### The problem
Pictures are not part of the answer. Return the lines from the one containing "ACURA TLX 2015" through the end of the data, both included, exactly as they appear.

### Source material

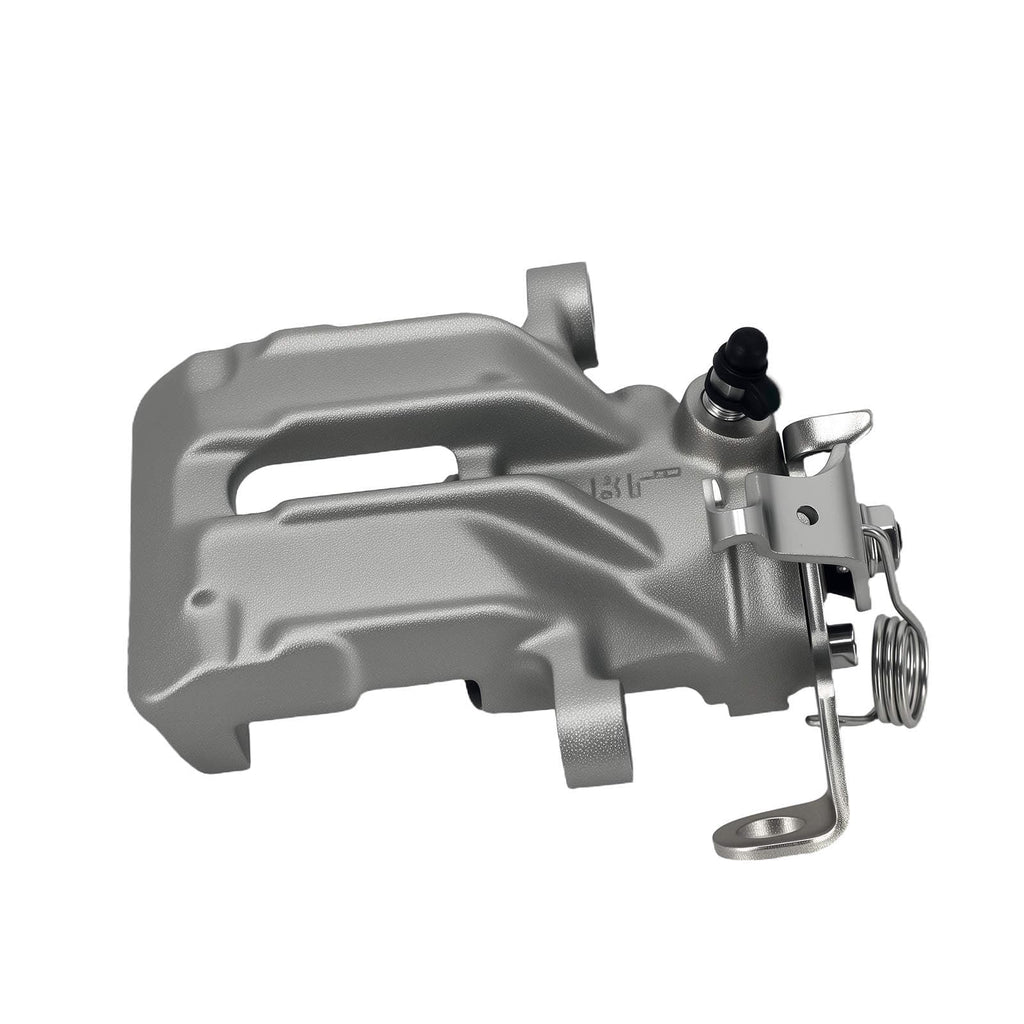 Rear Left Brake Caliper suitable for Ford Galaxy suitable for VW Golf Passat Polo Vento 38mm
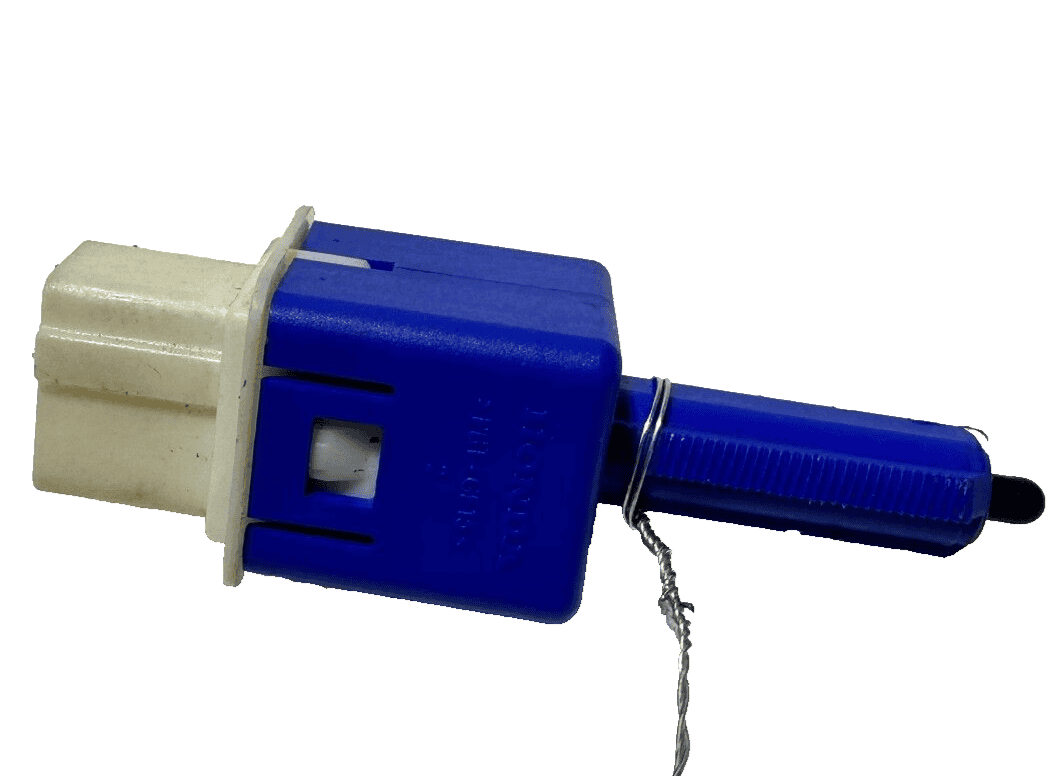 ACURA TLX 2015 - 2020 BRAKE PEDAL STOP LIGHT LAMP SENSOR SWITCH OEM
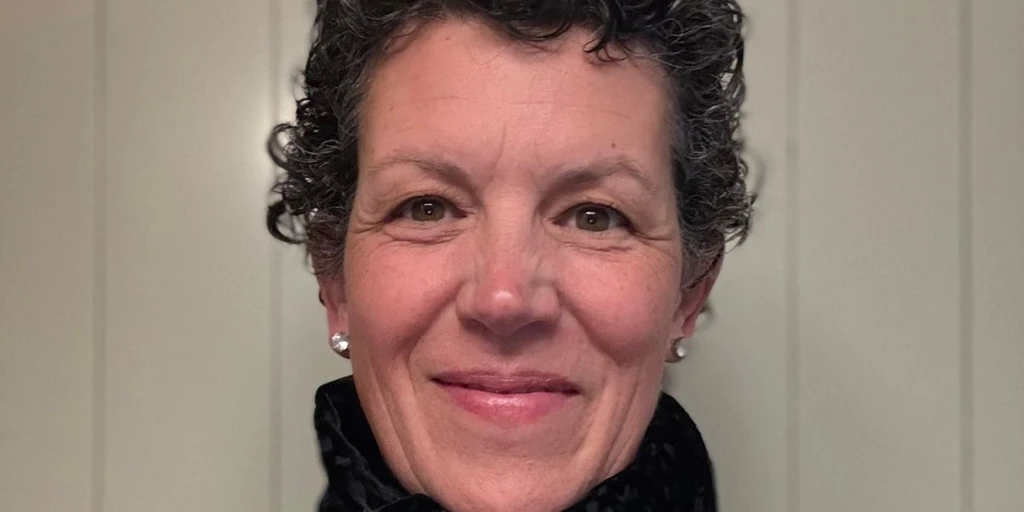 A Mother’s Journey: Navigating Schizophrenia with Her Son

### Finished exercise
 ACURA TLX 2015 - 2020 BRAKE PEDAL STOP LIGHT LAMP SENSOR SWITCH OEM
 A Mother’s Journey: Navigating Schizophrenia with Her Son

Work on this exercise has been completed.